I know that, at my best, I embrace this philosophy and view life as an adventure. At my worst, I am in control mode and feel anxious when I don’t know how things will play out.
Both happened today as I was lost in the woods (literally). While I was lost, I thought of my clients finding their way through the wilderness (metaphorically).
I live in Old Saybrook, Connecticut. We live next to several acres of forest. It is quite beautiful and I enjoy walking in these woods. There are no trails so it really is the state of nature. These hikes are fantastic for the body and soul. But when I venture too far I occasionally lose my way – I’m directionally challenged probably because I think too much!
Today, I got lost. When I realized that I didn’t know how to get back to my house, I had a wonderful moment of clarity as I thought of Jobs’ remark and realized how so many of my career counseling clients feel “lost” but don’t move. In my case, I had to keep moving, try out different directions to see if I could find my bearings. My career counseling clients should “move” and “try out” different possibilities. Staying stuck would not help them any more than it would me in this predicament.
There was a moment that I realized that if I didn’t find my way out soon that I would be late for my first appointment. In fifteen years of meetings, I can count on one hand how many times I have been late to meetings – and I think all were due to some insanity on Connecticut’s highway of hell – Route 95! I felt anxious as I was not in control. Fortunately, I had another moment of clarity: “this is how my clients feel when lost in their careers.”
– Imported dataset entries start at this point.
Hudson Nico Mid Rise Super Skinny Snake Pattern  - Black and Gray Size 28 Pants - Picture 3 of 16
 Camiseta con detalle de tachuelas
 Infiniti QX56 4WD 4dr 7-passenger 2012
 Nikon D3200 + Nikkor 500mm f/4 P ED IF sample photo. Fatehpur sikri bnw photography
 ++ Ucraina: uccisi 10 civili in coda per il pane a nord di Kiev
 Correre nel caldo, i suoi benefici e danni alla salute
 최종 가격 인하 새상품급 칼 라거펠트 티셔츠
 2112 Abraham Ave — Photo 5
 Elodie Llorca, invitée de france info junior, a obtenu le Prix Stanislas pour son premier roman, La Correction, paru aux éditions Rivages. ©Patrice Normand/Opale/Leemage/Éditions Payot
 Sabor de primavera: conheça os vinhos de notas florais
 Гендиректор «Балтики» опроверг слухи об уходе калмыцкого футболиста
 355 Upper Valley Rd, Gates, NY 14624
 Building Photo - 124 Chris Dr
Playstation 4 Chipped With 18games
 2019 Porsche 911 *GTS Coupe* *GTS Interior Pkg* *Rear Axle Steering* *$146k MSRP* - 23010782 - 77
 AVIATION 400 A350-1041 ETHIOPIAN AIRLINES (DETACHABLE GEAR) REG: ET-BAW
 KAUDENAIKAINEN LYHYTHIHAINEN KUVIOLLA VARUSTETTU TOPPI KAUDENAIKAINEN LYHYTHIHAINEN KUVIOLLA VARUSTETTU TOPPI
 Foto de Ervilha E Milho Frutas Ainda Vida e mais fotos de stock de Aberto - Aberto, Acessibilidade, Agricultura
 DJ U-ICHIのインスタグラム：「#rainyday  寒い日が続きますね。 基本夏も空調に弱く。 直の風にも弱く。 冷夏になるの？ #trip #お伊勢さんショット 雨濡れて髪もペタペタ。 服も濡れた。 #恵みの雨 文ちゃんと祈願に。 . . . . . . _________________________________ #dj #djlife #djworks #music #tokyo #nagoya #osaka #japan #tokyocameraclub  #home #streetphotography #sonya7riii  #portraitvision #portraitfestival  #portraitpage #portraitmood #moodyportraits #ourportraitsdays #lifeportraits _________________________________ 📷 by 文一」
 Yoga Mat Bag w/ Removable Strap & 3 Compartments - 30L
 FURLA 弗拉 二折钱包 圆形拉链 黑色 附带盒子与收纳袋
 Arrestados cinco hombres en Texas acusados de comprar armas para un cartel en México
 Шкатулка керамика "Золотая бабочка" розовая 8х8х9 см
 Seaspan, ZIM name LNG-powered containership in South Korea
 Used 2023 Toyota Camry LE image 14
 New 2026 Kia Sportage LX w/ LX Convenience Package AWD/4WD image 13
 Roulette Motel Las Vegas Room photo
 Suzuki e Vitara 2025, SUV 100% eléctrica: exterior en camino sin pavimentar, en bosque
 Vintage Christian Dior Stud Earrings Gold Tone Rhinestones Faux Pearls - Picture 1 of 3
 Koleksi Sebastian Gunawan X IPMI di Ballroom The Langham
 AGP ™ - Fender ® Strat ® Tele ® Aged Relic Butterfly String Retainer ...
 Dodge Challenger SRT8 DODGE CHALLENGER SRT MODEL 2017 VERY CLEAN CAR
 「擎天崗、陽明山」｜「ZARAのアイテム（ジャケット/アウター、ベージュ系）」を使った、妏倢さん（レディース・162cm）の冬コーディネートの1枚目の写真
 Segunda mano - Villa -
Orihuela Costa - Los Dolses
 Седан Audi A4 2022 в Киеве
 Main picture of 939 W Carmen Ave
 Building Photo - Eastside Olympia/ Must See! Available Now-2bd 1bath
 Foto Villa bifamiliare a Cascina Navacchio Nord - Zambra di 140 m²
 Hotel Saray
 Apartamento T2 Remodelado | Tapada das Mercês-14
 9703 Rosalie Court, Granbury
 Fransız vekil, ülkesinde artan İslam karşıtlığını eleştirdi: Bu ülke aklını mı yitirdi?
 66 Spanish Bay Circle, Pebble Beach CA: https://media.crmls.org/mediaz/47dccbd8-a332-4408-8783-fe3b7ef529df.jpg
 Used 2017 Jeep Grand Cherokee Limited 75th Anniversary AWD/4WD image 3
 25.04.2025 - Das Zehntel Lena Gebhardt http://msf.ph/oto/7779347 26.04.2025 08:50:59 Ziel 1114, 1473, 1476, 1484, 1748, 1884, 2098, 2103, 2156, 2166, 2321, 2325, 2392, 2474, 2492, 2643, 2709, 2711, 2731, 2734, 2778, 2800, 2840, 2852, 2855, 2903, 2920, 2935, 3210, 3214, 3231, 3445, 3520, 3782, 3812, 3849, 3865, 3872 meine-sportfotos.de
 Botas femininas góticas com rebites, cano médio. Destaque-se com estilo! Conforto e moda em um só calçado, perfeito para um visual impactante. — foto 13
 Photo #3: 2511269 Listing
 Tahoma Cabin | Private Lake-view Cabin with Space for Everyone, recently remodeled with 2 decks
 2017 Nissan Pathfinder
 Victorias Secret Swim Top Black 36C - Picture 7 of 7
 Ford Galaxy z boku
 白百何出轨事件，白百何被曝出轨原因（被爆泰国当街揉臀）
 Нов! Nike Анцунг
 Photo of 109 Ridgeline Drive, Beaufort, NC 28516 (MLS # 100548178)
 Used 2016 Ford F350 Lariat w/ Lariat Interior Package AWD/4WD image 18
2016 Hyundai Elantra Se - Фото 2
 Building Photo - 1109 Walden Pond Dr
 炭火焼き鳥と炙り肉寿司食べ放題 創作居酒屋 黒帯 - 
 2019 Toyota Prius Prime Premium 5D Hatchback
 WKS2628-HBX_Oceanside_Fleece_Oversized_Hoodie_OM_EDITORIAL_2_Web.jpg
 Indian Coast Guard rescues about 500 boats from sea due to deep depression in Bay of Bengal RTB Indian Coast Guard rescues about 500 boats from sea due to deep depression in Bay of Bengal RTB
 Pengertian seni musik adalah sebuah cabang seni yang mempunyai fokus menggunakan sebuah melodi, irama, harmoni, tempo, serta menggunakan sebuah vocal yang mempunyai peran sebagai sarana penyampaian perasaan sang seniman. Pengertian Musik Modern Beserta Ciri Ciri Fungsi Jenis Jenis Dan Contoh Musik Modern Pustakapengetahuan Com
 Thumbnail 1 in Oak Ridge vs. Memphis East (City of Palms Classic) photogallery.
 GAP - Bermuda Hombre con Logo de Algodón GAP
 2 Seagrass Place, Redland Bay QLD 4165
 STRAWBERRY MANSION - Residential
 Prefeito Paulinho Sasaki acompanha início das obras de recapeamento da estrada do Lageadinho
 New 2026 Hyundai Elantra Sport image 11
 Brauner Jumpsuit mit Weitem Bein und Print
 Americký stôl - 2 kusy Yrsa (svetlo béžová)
I kept moving and then saw the glorious opening in the woods far ahead. I had another metaphorical realization. The end goal – the opening towards my home – was a long ways off. But as soon as I was on the path towards it, I felt at peace. I know this same truth about the clients that I help towards their own career path. They can’t magically snap their fingers and put themselves in a new career any more than I could snap my fingers and put myself back home. But once they know they are headed in the right direction, they, like me, feel happy and peaceful.